Activity, as the title suggests, comes harder on the second half of that equation. 2012’s It’s You felt as if it was largely to do with understanding and dealing with the question of whether to turn up on the floor in the first place. Fuzzy and uncertain around the corners, songs like ‘Favourite Sweater’ had them midway between the club and the laundry, dealing with feelings caught between the fridge and the counter finding their place on the dance floor, of hesitating before diving in. Heck, most of ‘Holy Balm Theme’s lyric sheet was admitting that one didn’t know what to say, let alone what to do.
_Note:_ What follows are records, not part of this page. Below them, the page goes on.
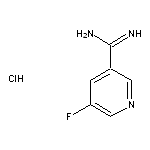 5-Fluoropyridine-3-carboximidamide Hydrochloride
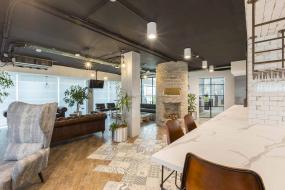 科技公司木地板装饰效果图片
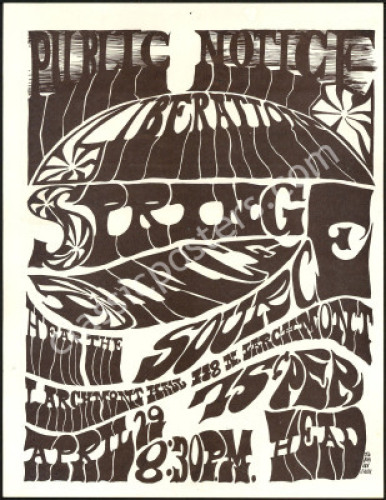 Scarce Spring Dance Handbill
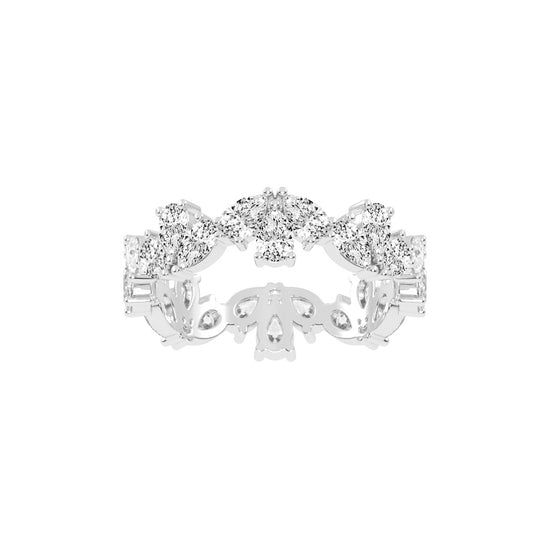 Ornavia Pear Cut Eternity Lab Diamond Ring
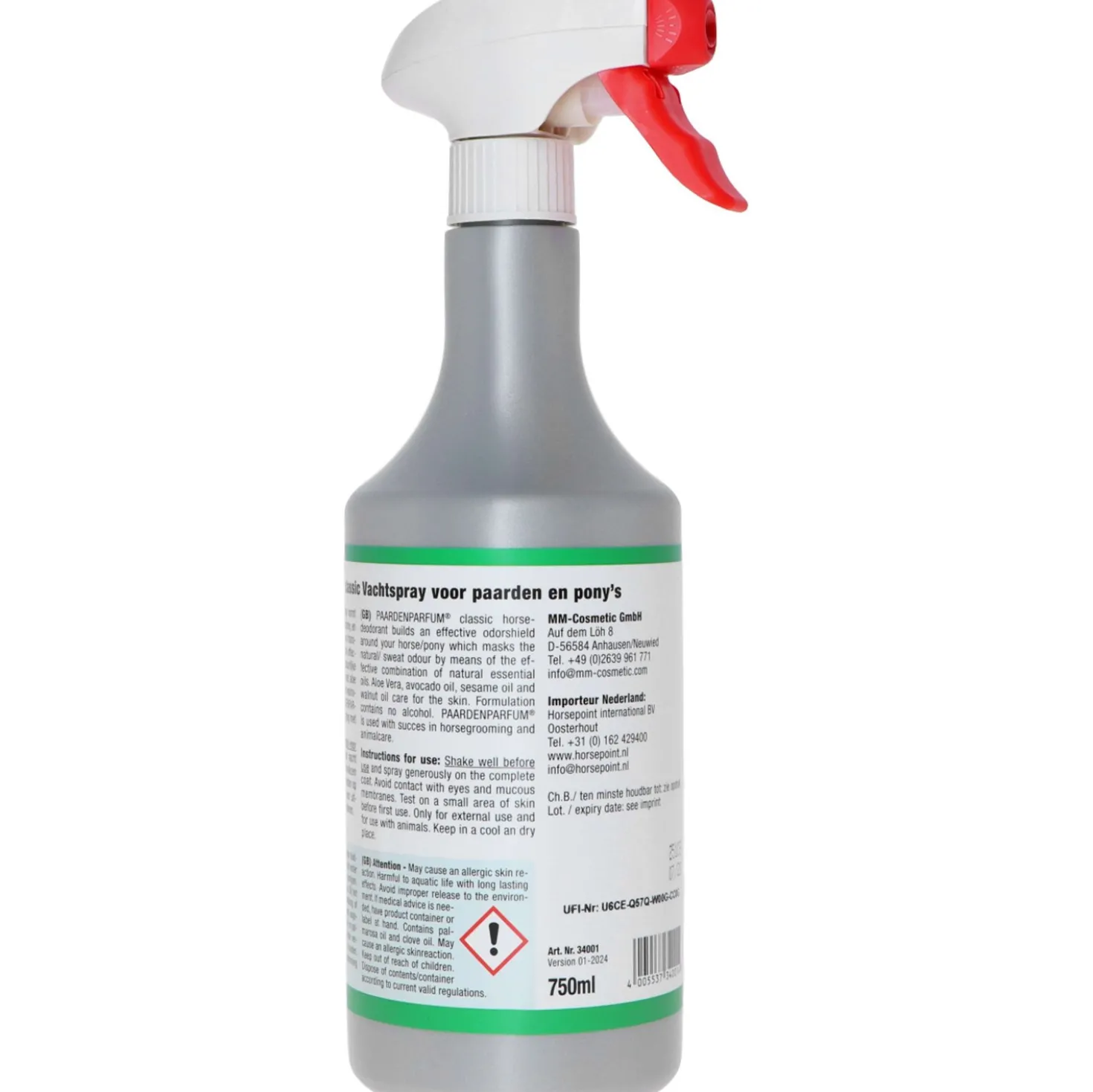 PaardenParfum Vachtspray Klassiek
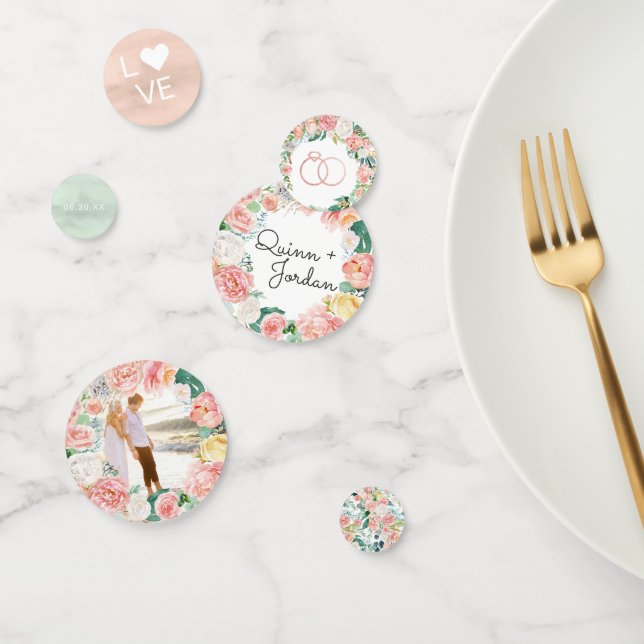 Rubefacción Verano Floral Bridal Ducha Confetti (Grupo)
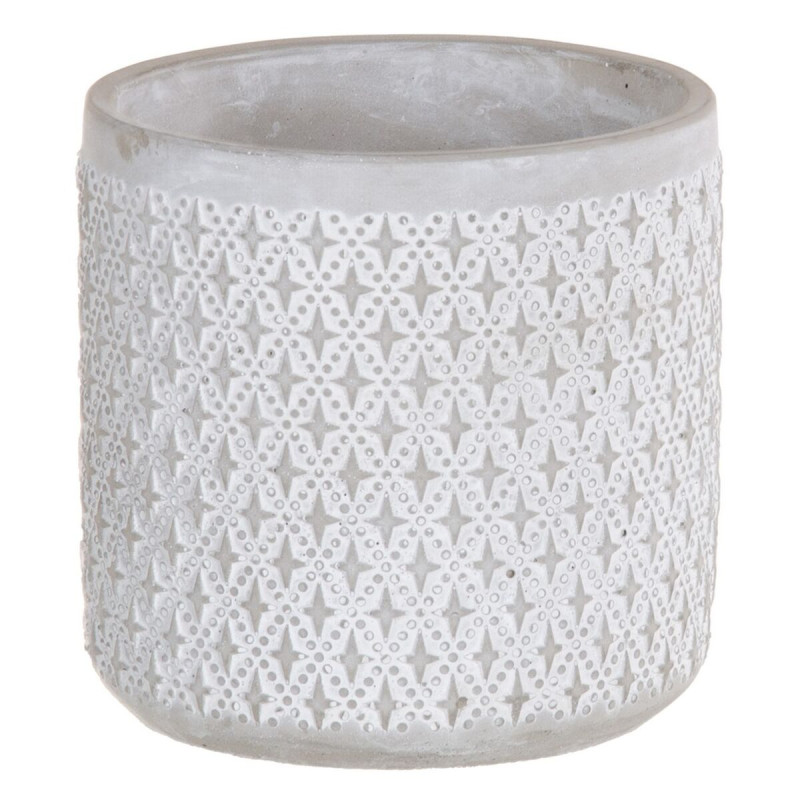 Macetero Gris Cemento 14 x 14 x 14 cm Macetero Gris Cemento 14 x 14 x 14 cm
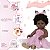 Boneca Bebê Reborn Menina Negra Bailarina  Completa Linda - Imagem 4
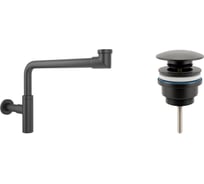 Сифон для раковины с донным клапаном Wellsee Drainage Systemв наборе 2 в 1 182125003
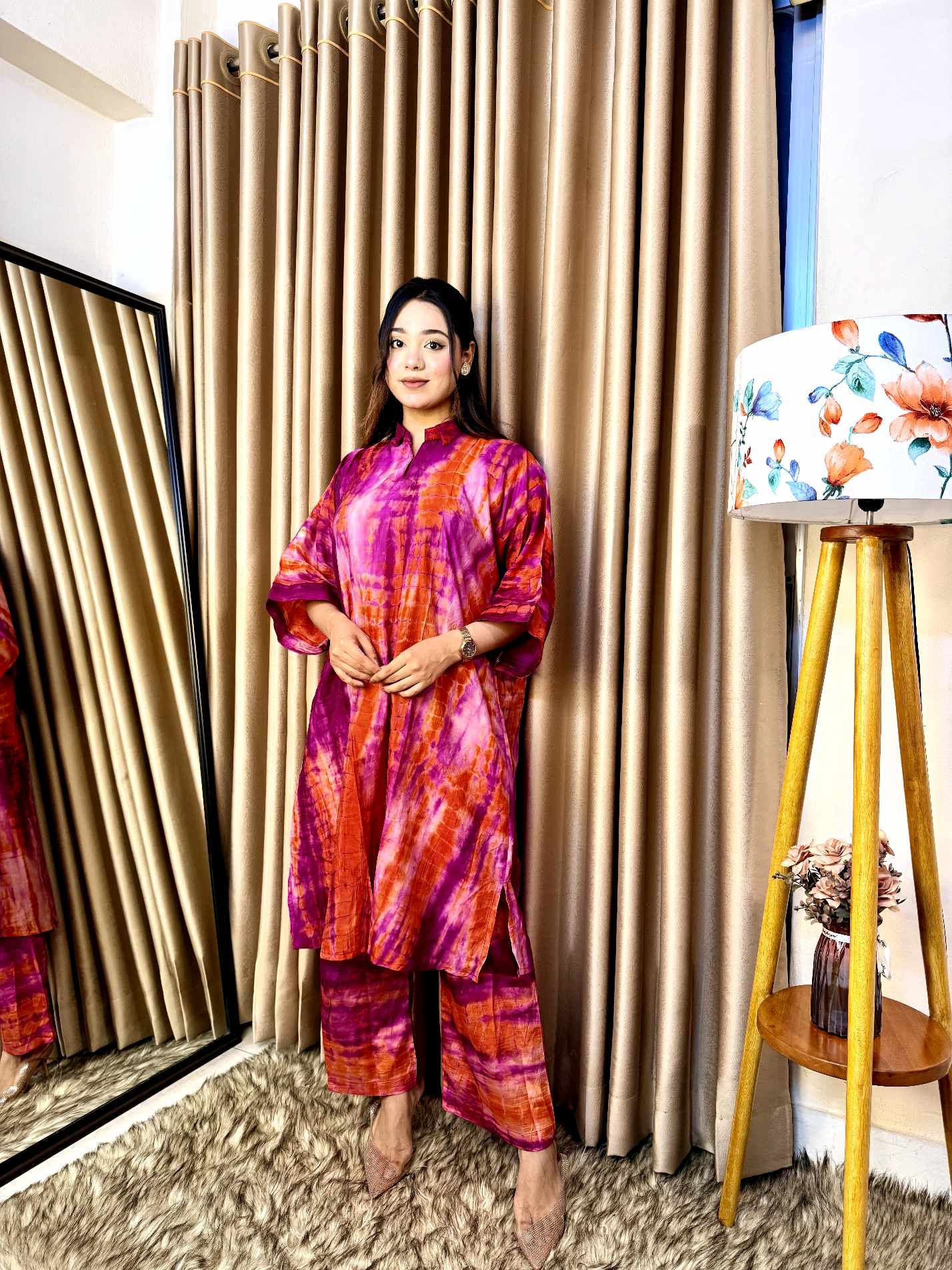 Silk Batik Co-ord Set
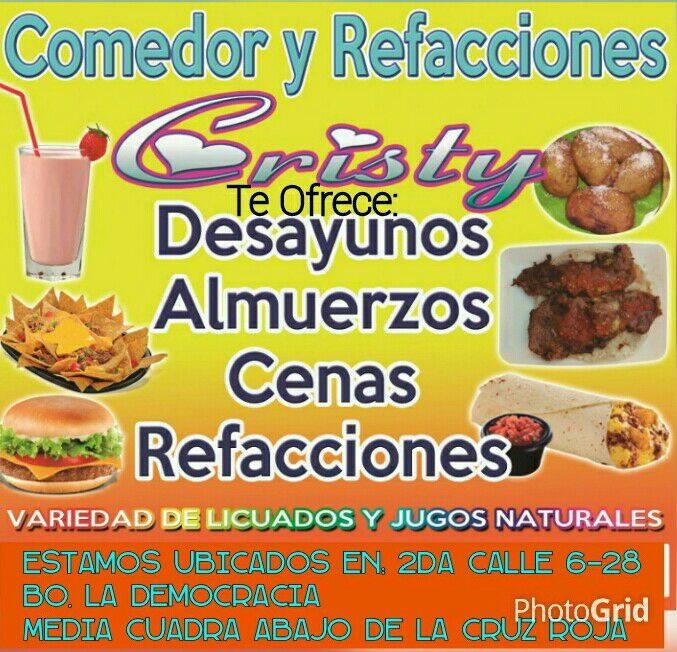 Comedor y refacciones Cristy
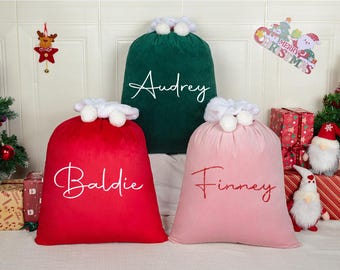 2026 Large Santa Sack,Christmas Gift Bag,Christmas Stocking Sack,Santa Bag with Name,Christmas bag,Holiday gift bag, Santa Bag,Gift for Kids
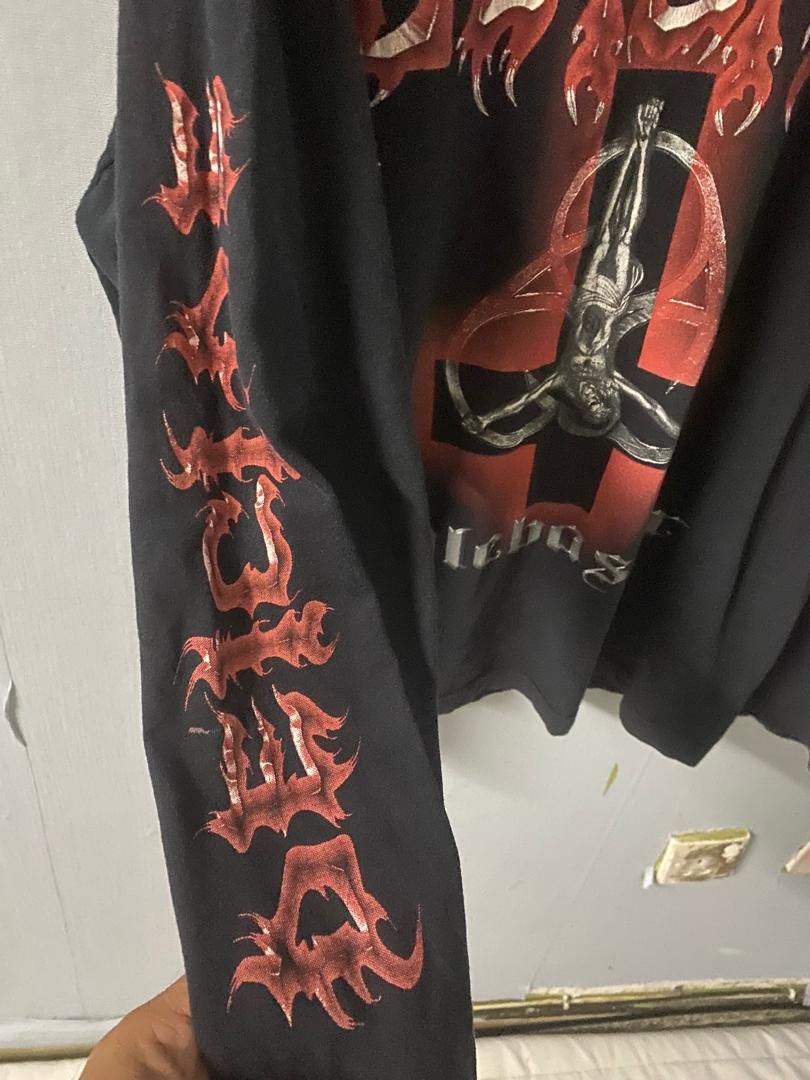 Band Tees × Vintage 2000 Blue Grape Deicide Band Tee Size US XL / EU 56 / 4 - 4 Thumbnail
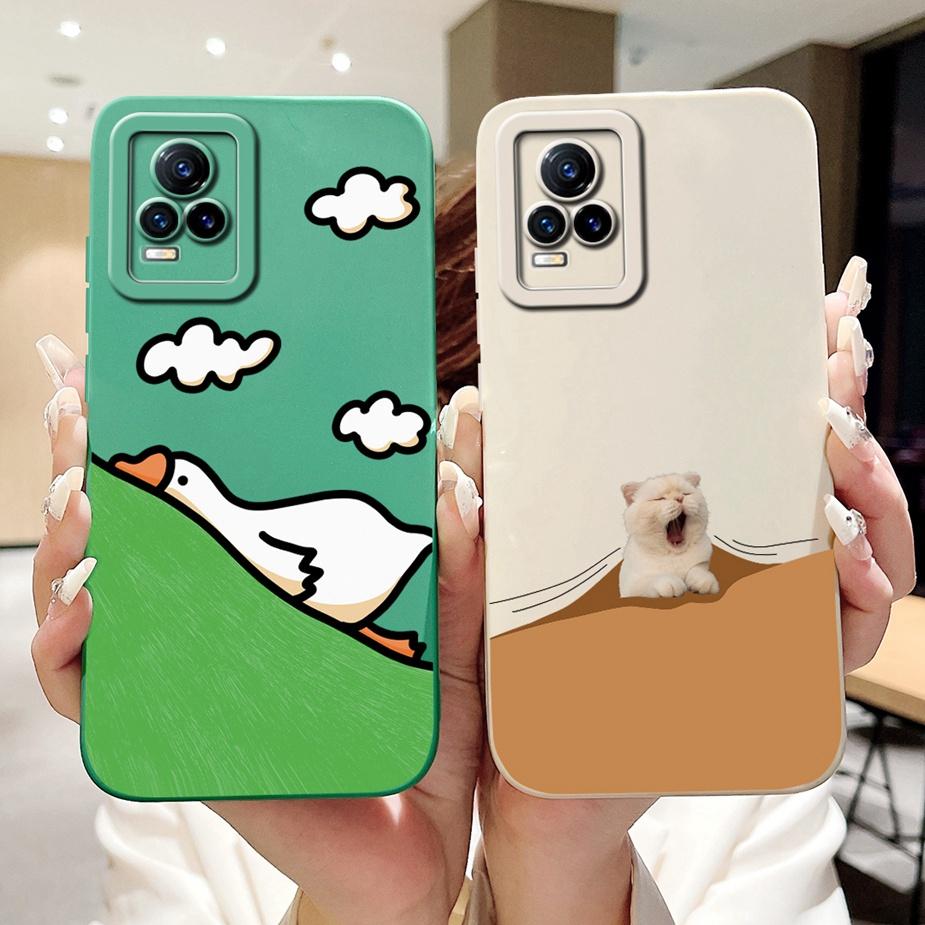 For Vivo V21e 4G Case V2061 Cute Funny Cartoon Cover 6.44'' Phone Case For Vivo V21 V2066 V2108 VivoV21 E V21e Soft Fundas Coque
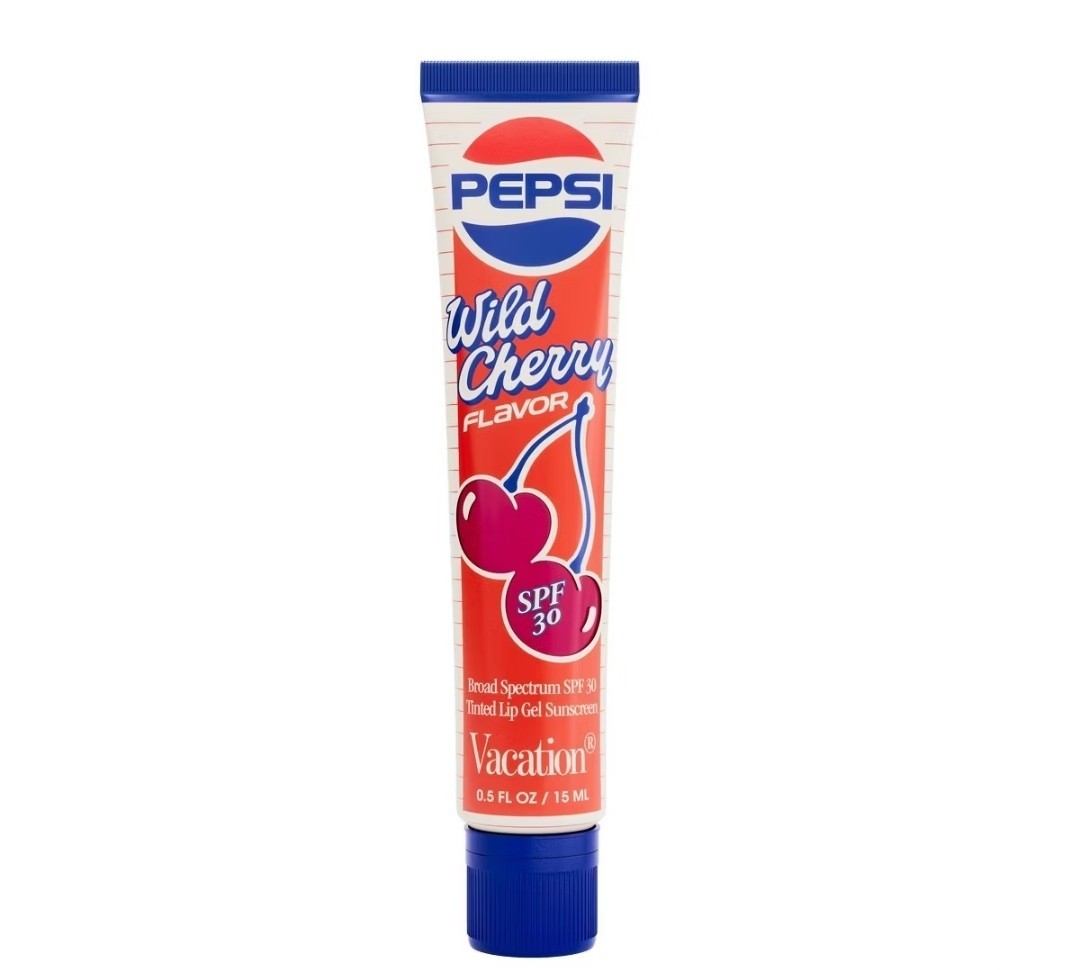 Vacation x PEPSI Tinted Lip Gel Sunscreen - Wild Cherry Peps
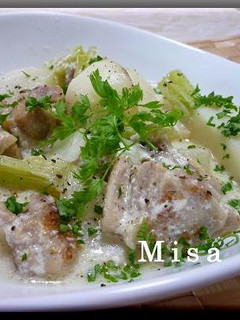鶏肉と小カブのクリーム煮-レシピのメイン写真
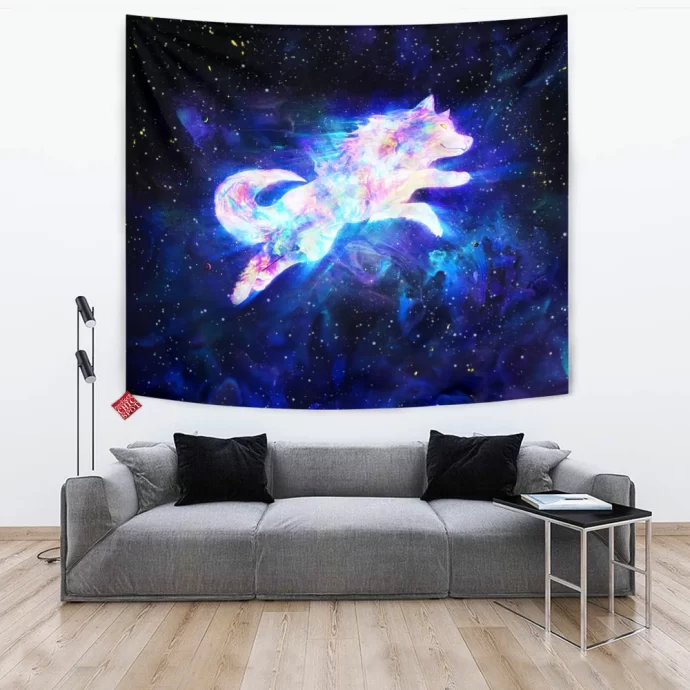 SPACE WOLF SPIRIT Tapestry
While that warmth, the patience, the generous intensity remains, this is different: being ready, but not being entirely sure what to do with it. And it’s trebly engrossing for being so. Leaner, meaner, cleaner and deeper than It’s You, Activity throbs with purpose from the opening warps of Fashion (more on that later). The bass kicks harder, the synths are wily, evocative and smoky, and Emma Ramsay’s vocals are the stuff of a certain whisper, of telling someone where and why and what they need to do, even if the words aren’t always so adamant. There’s a drop of the bracing antagonism of Geneva Jaccuzi, but only enough to throw things out of key, especially on ‘Hot Cold’, which is sort of like a Waterfall Person track dabbing.

The effect is all intoxicating, like the room parting, if only between your ears. In the frankly superlative ‘Fashion’, the answer is in your pocket, and it probably fits on your tongue too. “Fashion it the way you want/walk the way you feel,” Ramsay sings, urging you to get in and stay in. ‘Clandestine’ asks you to “visualise your mind / that is what I want to see” — the intimacy here isn’t about anything bigger or smaller than communion, and in trying to close the gap between two people, ‘Circumstance’ cycles further and further up before dying out on a higher plateau. It’s dreamy, it’s thudding, it’s immersive, and it’s gently probing: a club with nothing to prove and no one to prove it to except yourself.

So often chewing your cheeks is a proxy war, one for chewing your thoughts until they become a cuddy blur, to generate something as indistinct and total as the impulse to go out and find someone, something to do. But Activity is a call to action, but slow action, dancing for the right reasons. Holy Balm are holy because they are a balm for anyone who considers dance (and dance music) too rigidly certain, aggressive, where all the answers are overdetermined, simplified, functional, additive. Here, they make a space for not knowing, and they’ve furrowed it wide enough for anyone to slip in. To dance anxious is to find a way to dance truly, plumb with your doubts. In fact, it could be the only way to do it.